>>>>

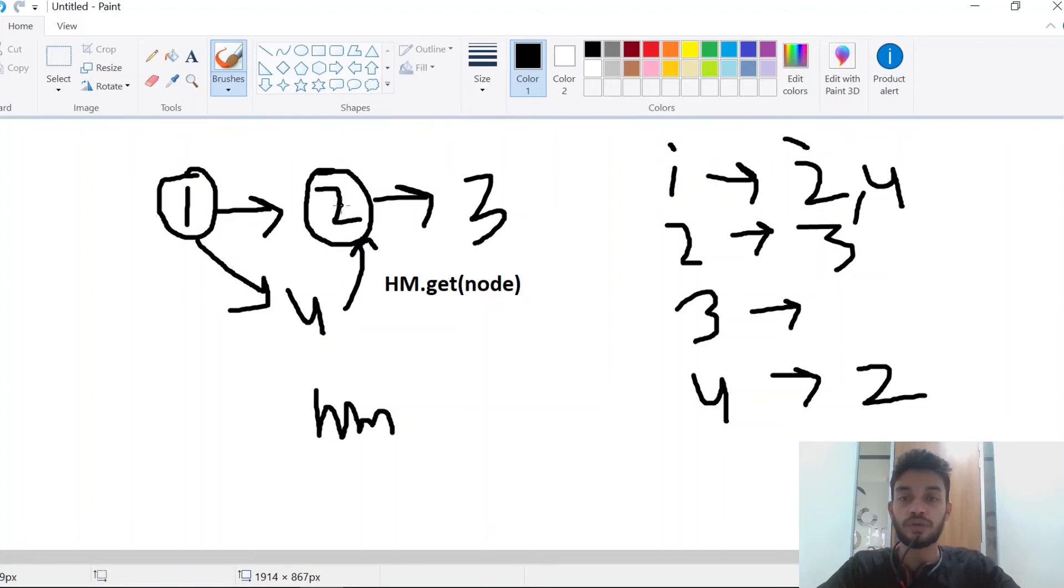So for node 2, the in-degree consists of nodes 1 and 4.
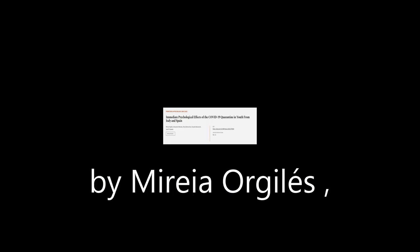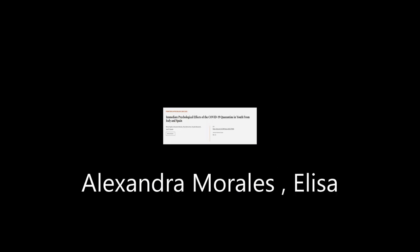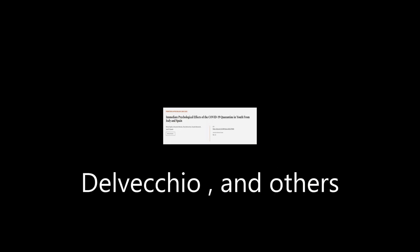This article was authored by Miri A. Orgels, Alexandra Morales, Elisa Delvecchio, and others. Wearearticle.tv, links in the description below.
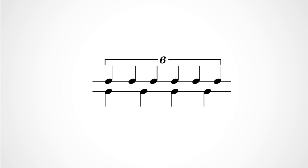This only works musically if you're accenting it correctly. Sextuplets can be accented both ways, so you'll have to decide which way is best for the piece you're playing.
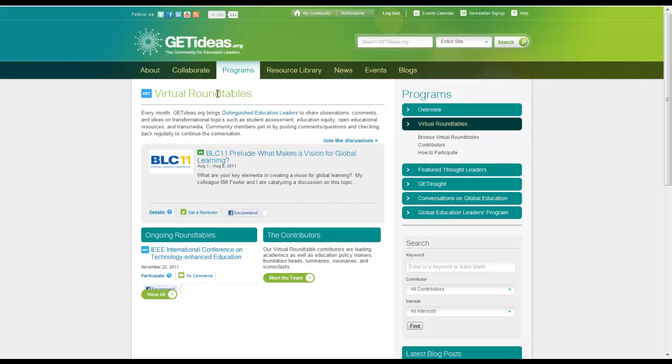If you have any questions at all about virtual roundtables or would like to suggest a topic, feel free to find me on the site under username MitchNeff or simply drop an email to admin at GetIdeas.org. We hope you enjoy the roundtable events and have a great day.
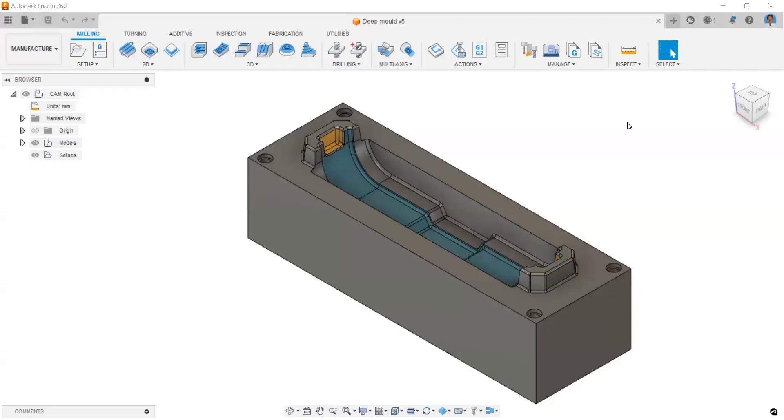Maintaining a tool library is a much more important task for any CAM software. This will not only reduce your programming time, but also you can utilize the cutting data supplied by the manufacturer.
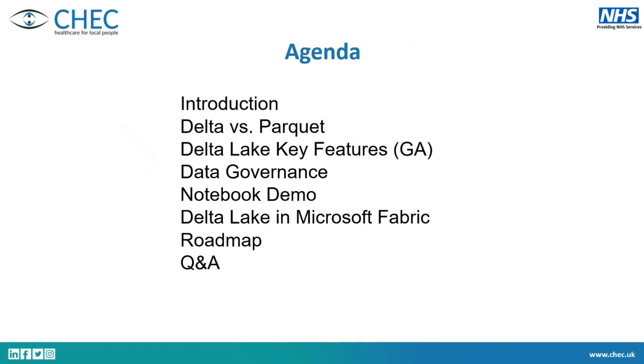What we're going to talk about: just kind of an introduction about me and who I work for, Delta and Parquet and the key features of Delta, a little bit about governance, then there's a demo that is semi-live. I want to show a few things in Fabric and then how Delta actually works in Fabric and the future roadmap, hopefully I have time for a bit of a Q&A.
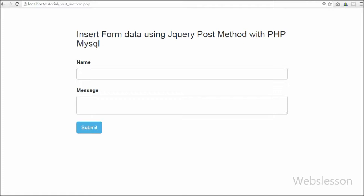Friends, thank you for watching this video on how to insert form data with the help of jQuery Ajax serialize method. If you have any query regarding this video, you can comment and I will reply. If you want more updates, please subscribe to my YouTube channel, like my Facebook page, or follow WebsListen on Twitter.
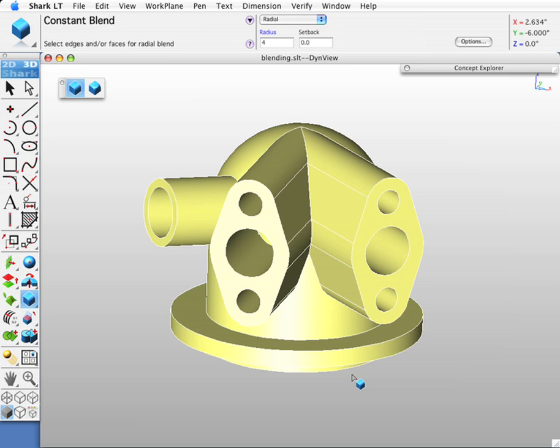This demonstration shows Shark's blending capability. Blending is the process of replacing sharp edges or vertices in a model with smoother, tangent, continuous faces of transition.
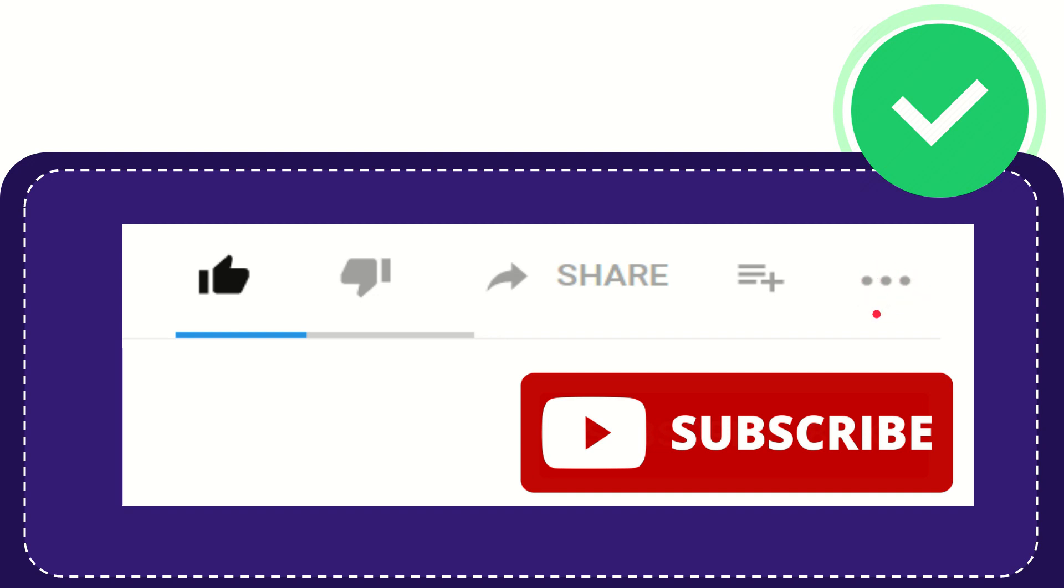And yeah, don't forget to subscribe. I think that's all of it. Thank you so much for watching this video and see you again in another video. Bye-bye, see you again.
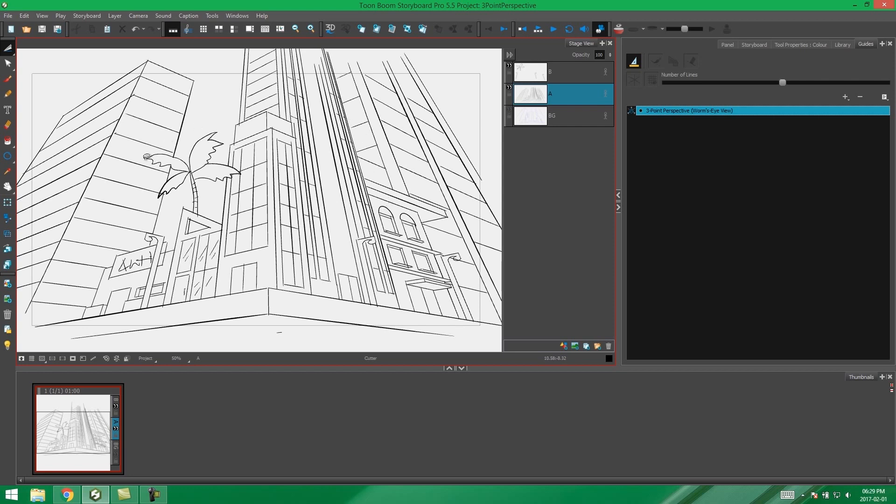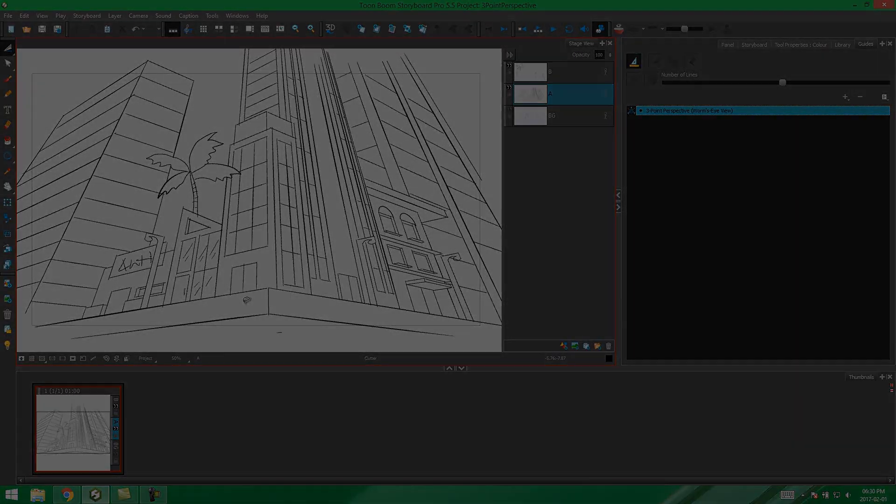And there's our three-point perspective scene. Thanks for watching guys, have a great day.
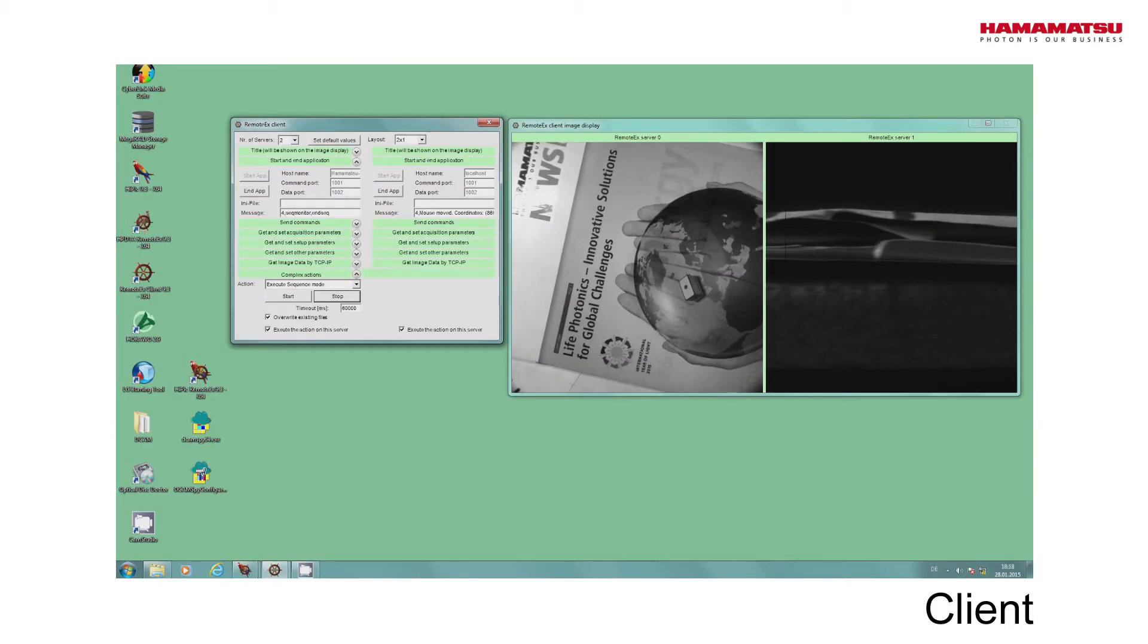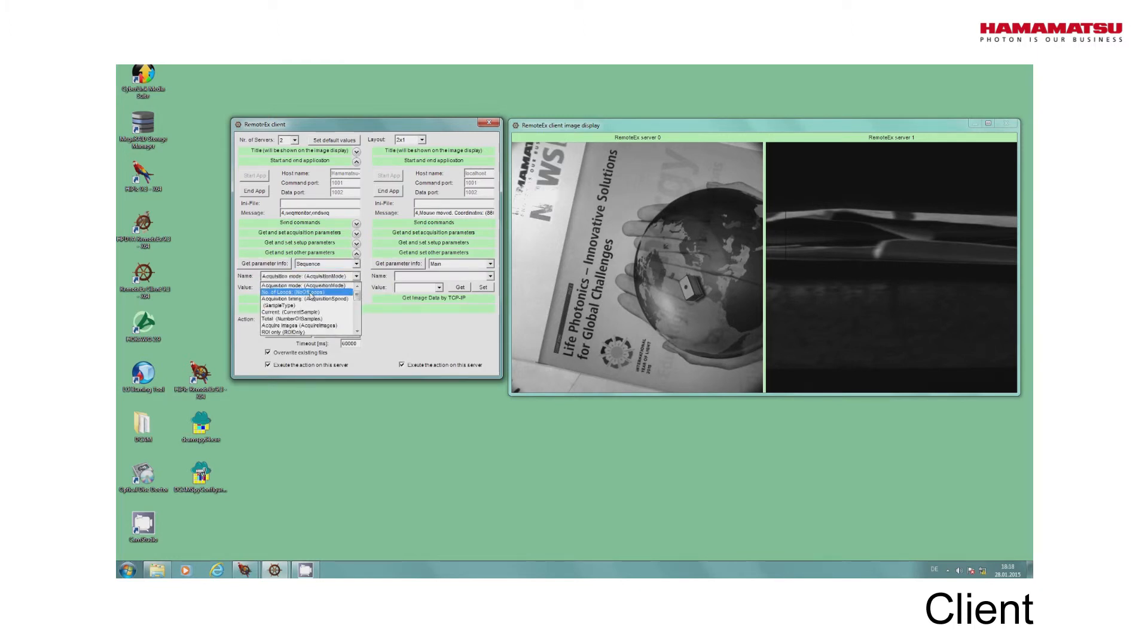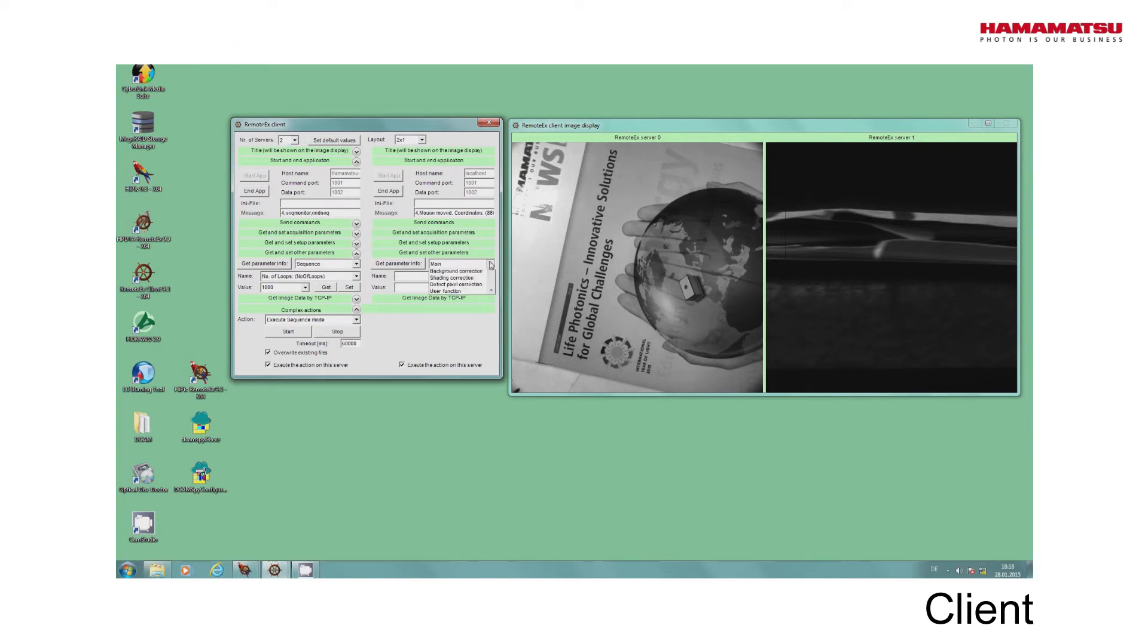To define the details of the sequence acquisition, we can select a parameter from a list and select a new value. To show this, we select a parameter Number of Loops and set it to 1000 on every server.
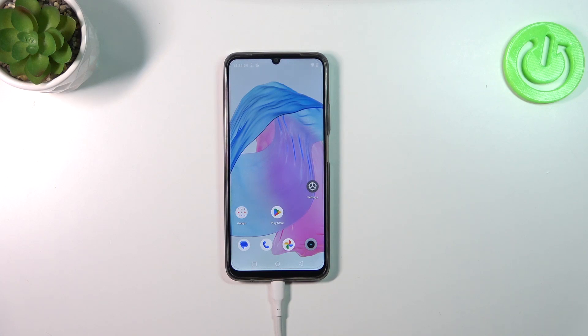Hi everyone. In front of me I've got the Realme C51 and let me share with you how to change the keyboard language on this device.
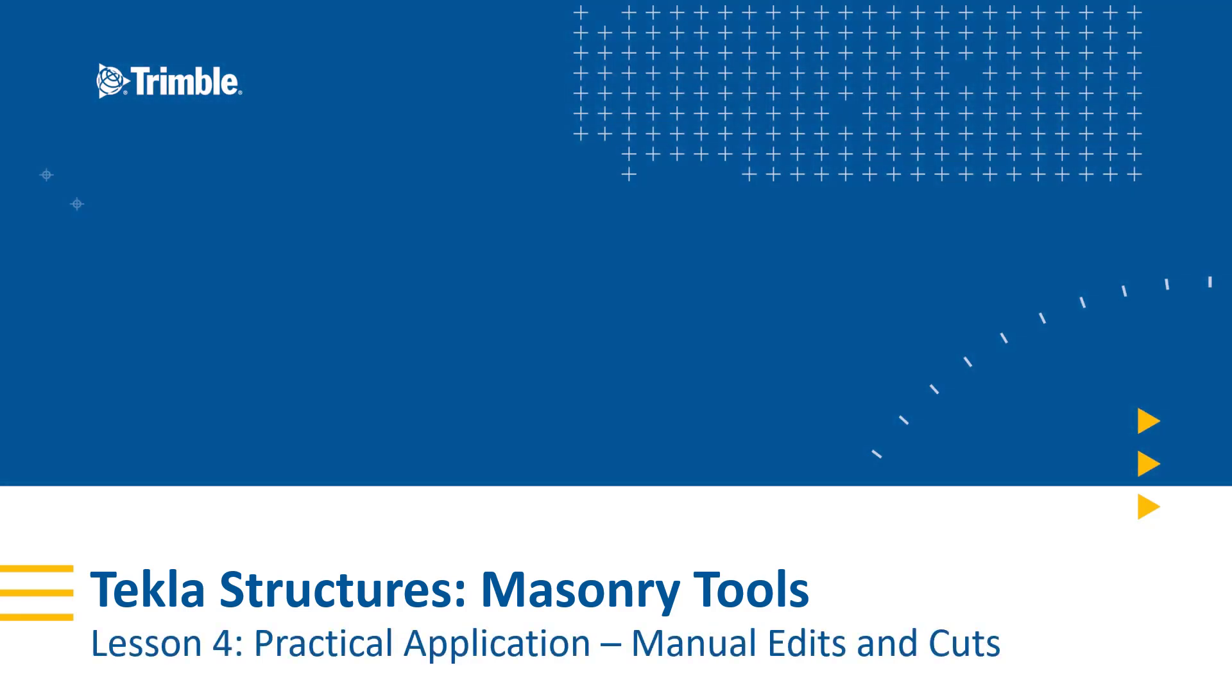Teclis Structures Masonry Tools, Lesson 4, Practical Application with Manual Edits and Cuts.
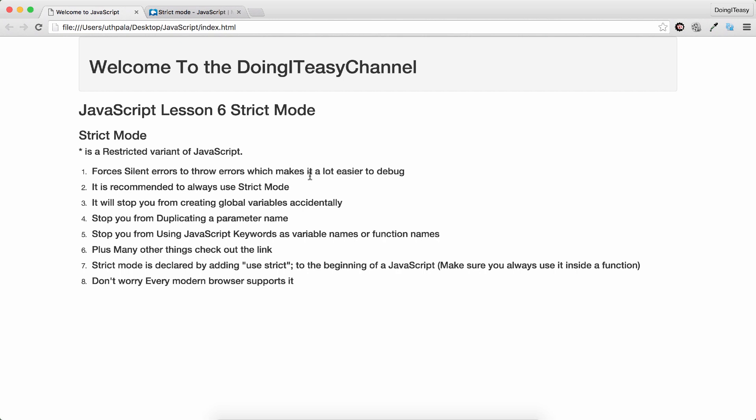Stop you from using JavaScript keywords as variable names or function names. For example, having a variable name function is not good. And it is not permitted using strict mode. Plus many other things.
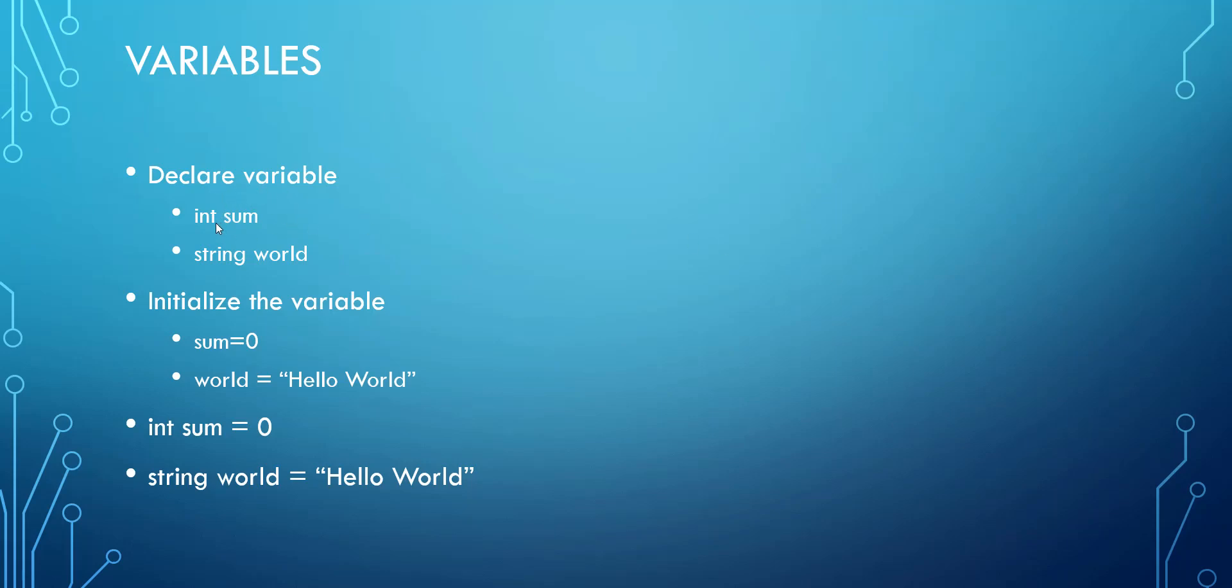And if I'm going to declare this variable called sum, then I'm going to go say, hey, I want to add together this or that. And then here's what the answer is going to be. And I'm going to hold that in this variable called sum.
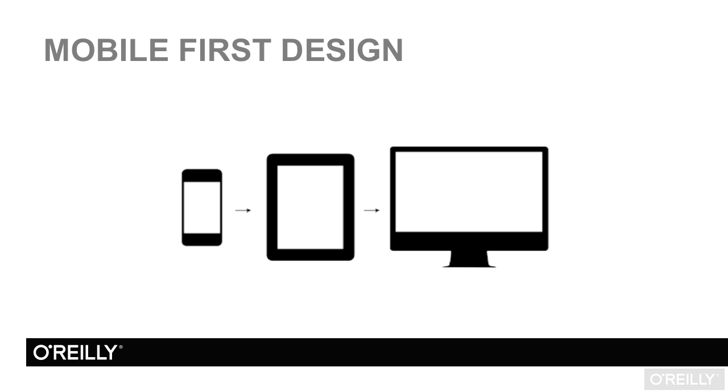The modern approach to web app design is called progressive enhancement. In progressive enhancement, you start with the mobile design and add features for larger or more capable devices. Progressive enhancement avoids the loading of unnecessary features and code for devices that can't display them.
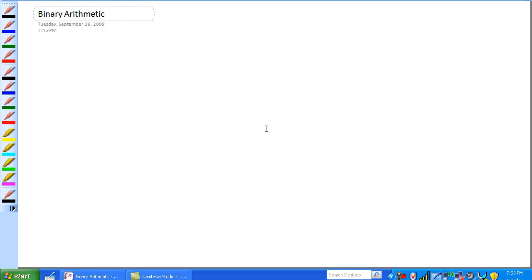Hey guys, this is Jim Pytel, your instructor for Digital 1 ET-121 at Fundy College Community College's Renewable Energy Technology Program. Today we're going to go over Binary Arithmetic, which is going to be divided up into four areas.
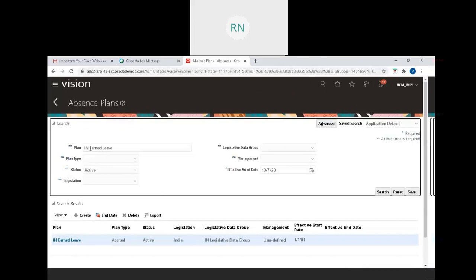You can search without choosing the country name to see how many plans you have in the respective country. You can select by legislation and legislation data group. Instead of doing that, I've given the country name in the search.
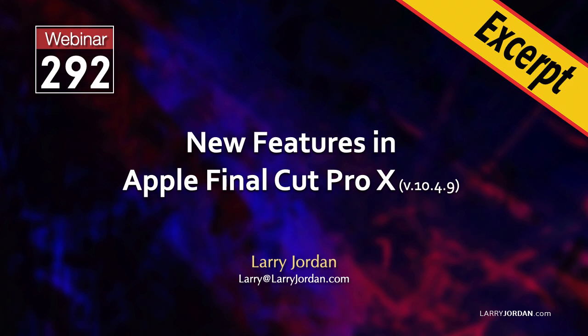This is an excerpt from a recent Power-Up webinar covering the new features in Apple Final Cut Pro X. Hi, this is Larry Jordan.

<<<<

# [Task details]
The reply should hold exactly the lines above, starting at the line with "And there's our" and ending at the line with "And if I'm going", and no pictures.

# [Result of this task]
And there's our three-point perspective scene. Thanks for watching guys, have a great day.
To define the details of the sequence acquisition, we can select a parameter from a list and select a new value. To show this, we select a parameter Number of Loops and set it to 1000 on every server.
Hi everyone. In front of me I've got the Realme C51 and let me share with you how to change the keyboard language on this device.
Teclis Structures Masonry Tools, Lesson 4, Practical Application with Manual Edits and Cuts.
Stop you from using JavaScript keywords as variable names or function names. For example, having a variable name function is not good. And it is not permitted using strict mode. Plus many other things.
And if I'm going to declare this variable called sum, then I'm going to go say, hey, I want to add together this or that. And then here's what the answer is going to be. And I'm going to hold that in this variable called sum.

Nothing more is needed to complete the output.